WASHINGTON — It’s by far the hottest controversy in real estate this summer and it could directly affect the value of your house — probably negatively — by tens of thousands of dollars.
The issue concerns lowballed valuations and the new rules guiding appraisers in both price-depressed and rebounding markets. Consider these snapshots:
• In San Diego, Steve Doyle, division president for Brookfield Homes, is trying to close out the final 20 houses of a 120-unit single-family subdivision. Prices range from $340,000 to $350,000.
But recently there’s been a major hitch: Appraisers assigned by banks are coming in with valuations $60,000 or more below Doyle’s selling prices. The appraisers, who Doyle says are unfamiliar with local market trends, inexperienced or both, are using foreclosures and short sales of existing houses as their “comparables.”

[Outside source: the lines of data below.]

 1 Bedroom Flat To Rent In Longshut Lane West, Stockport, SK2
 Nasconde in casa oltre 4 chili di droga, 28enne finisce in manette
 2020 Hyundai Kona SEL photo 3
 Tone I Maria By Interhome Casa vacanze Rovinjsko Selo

Some of the distressed properties are in poor condition, and all of them offer fewer amenities, Doyle said.
• In Wilmington, N.C., a loan applicant with an unblemished payment record and a house in excellent condition sought to refinance into a 4 ¾ percent mortgage. She had purchased the property four years ago for $160,000 and made about $20,000 worth of improvements.

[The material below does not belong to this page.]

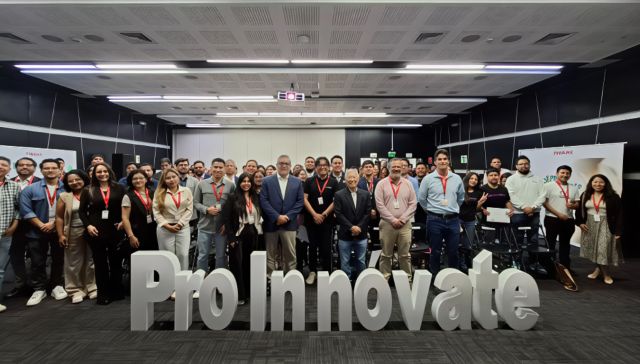 Foto grupal del evento de ProInnóvate con startups del portafolio de Scale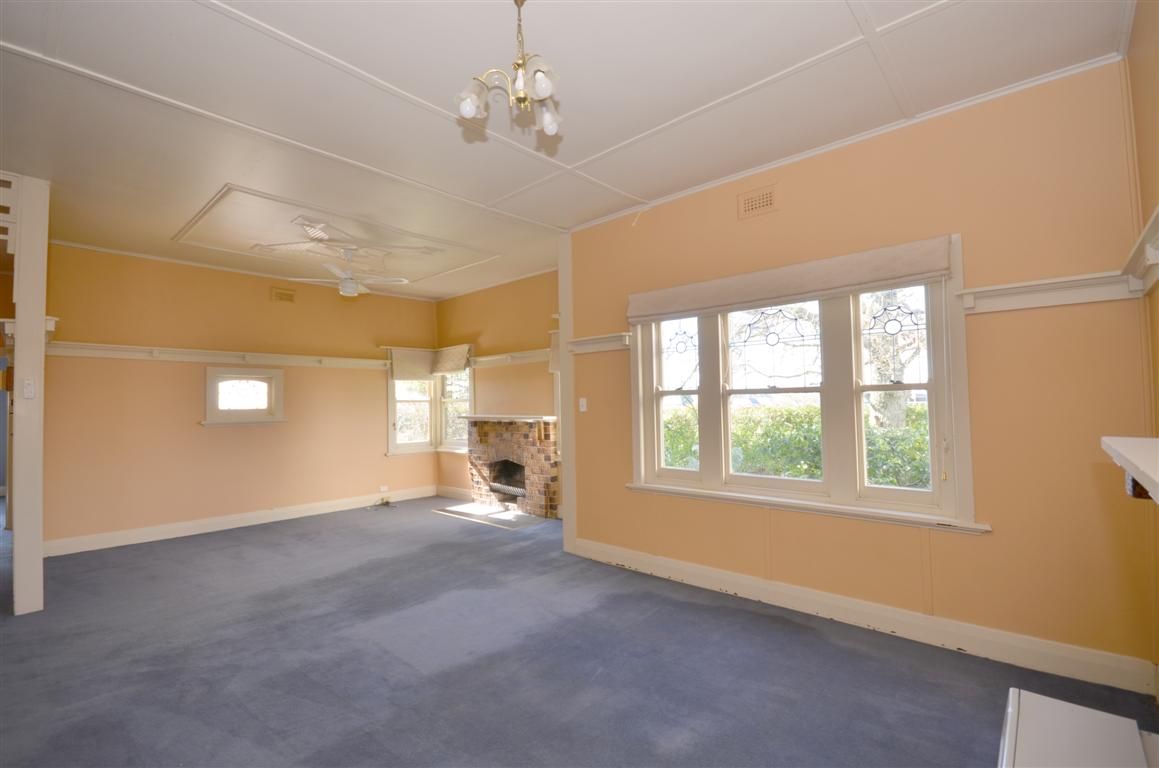 121 Burnbank Street, Lake Wendouree VIC 3350, Image 2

Her loan application, according to Paul Skeens, president of Colonial Mortgage Group of Waldorf, Md., was “a slam dunk. Nothing to it.” The house was worth $180,000 to $200,000, according to a local realty estimate.

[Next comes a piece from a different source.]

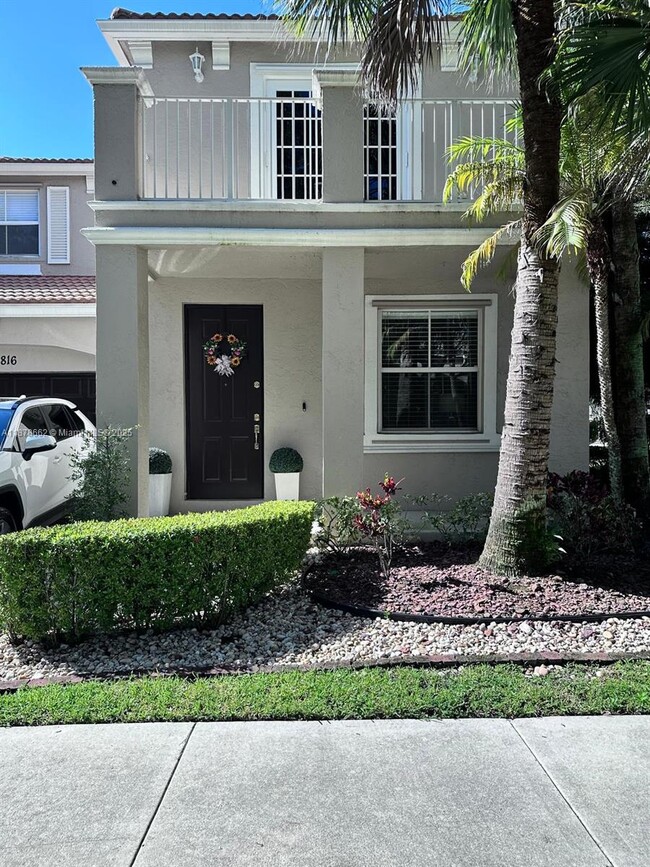 Building Photo - 15816 SW 48th Manor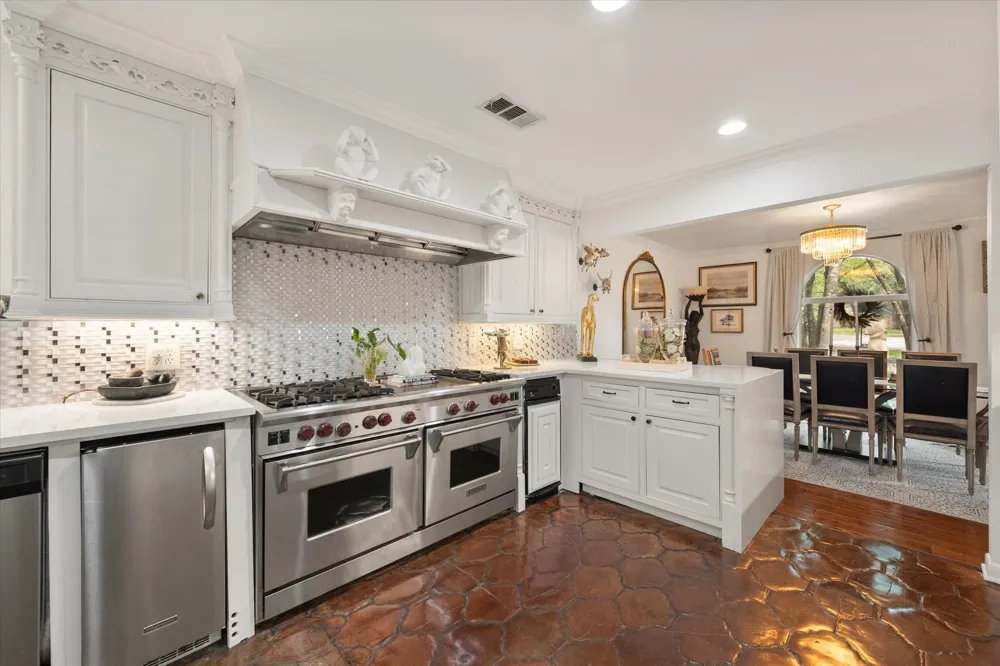 2202 Highland Circle Corsicana, TX 75110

But when an appraiser with little local knowledge was sent in by a bank to value the house, he chose two short-sale properties that had both closed in the mid-$140,000 range, and one inheritance sale around $155,000.
The last property was “in horrible condition,” said Skeens. “I’d call it dog meat.” The deal-paralyzing appraised value that came in for the cream-puff refi: $149,000.
• In the suburbs near Cleveland, Enzo Perfetto, manager of Enzoco Homes, builds custom houses on clients’ lots.
He said banks have begun assigning appraisers from far outside the area to value lots as part of mortgage packages on new homes. Some of the comparables they use are foreclosures, and that depresses land valuations.
A young couple who paid $75,000 for their lot recently had it valued at $30,000 by an out-of-area appraiser who only looked at online data, according to Perfetto. That discouraged the young couple from proceeding.